Dataset entries:
━━━━━━━━━━━━━━━━━━━━━━━━━━━━━━
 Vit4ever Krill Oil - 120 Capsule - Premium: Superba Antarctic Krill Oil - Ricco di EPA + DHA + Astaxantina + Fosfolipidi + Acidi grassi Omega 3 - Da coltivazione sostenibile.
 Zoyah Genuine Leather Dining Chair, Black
━━━━━━━━━━━━━━━━━━━━━━━━━━━━━━
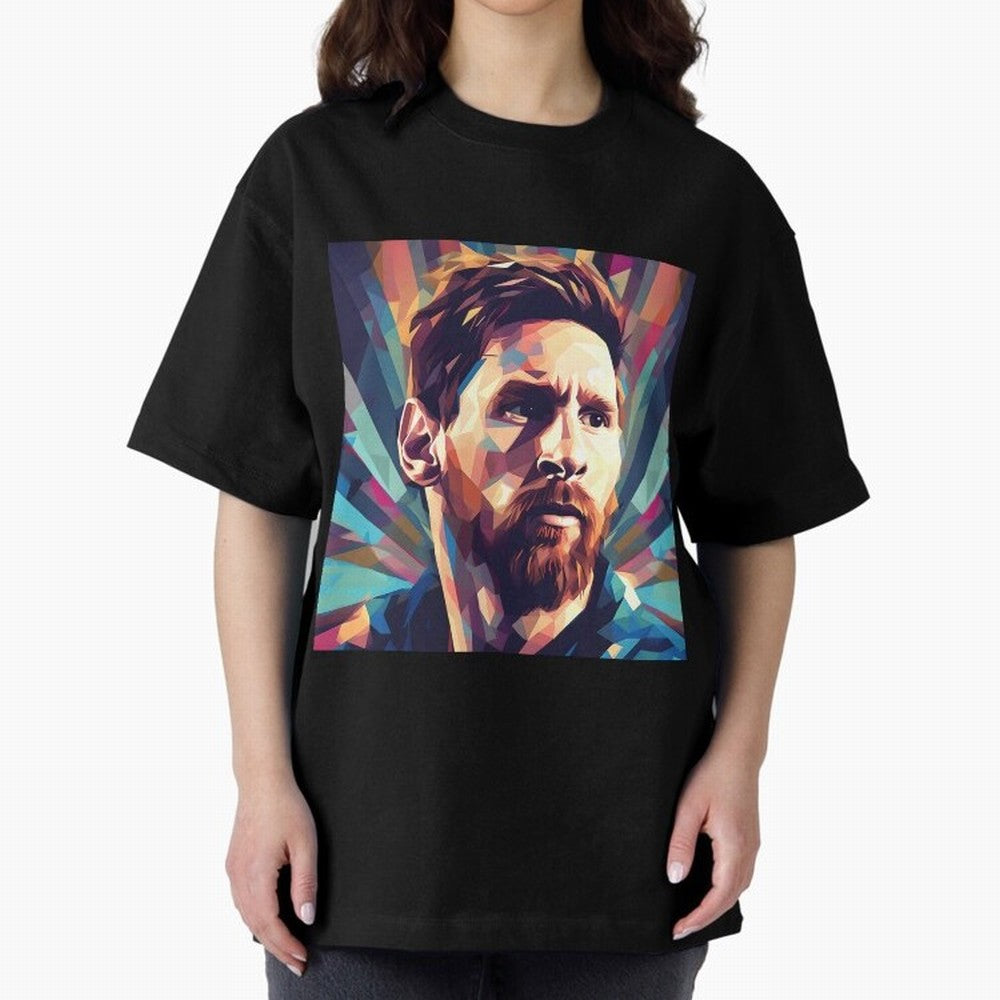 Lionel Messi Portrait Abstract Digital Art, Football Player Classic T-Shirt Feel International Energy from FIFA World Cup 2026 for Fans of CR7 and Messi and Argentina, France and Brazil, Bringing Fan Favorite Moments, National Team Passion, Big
━━━━━━━━━━━━━━━━━━━━━━━━━━━━━━
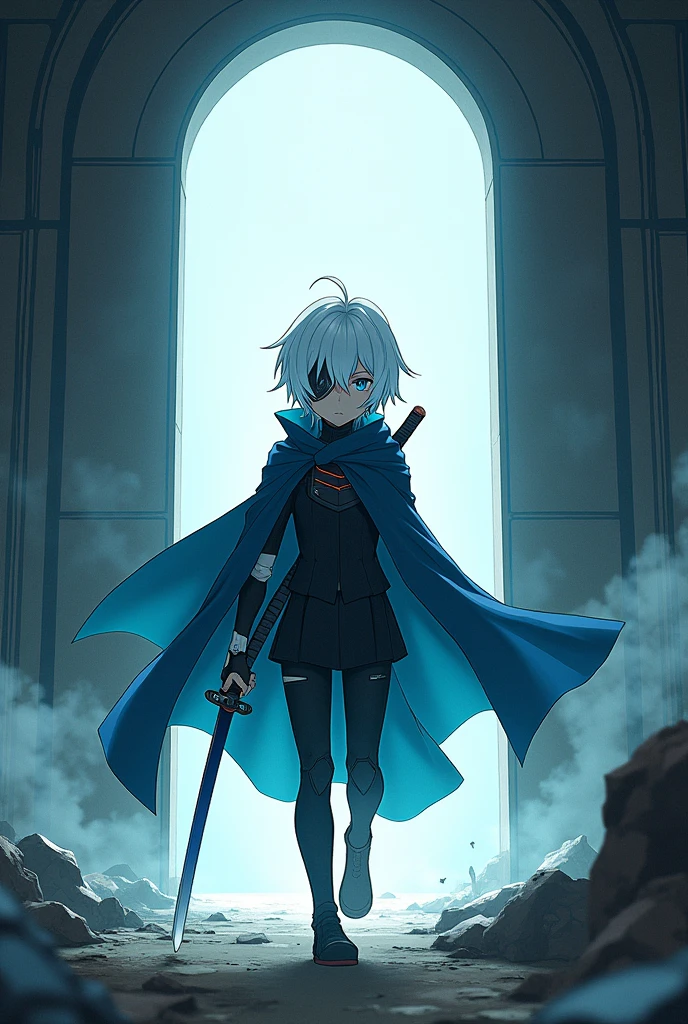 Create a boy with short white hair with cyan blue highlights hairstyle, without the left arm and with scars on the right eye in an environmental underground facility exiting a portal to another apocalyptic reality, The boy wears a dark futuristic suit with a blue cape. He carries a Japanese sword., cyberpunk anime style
━━━━━━━━━━━━━━━━━━━━━━━━━━━━━━
What the exercise asks: Using the data above, extract exactly the lines from the one that holds "Vit4ever Krill Oil" to the one that holds "Zoyah Genuine Leather Dining Chair, Black", both ends included, and no others.

Exercise output:
 Vit4ever Krill Oil - 120 Capsule - Premium: Superba Antarctic Krill Oil - Ricco di EPA + DHA + Astaxantina + Fosfolipidi + Acidi grassi Omega 3 - Da coltivazione sostenibile.
 Zoyah Genuine Leather Dining Chair, Black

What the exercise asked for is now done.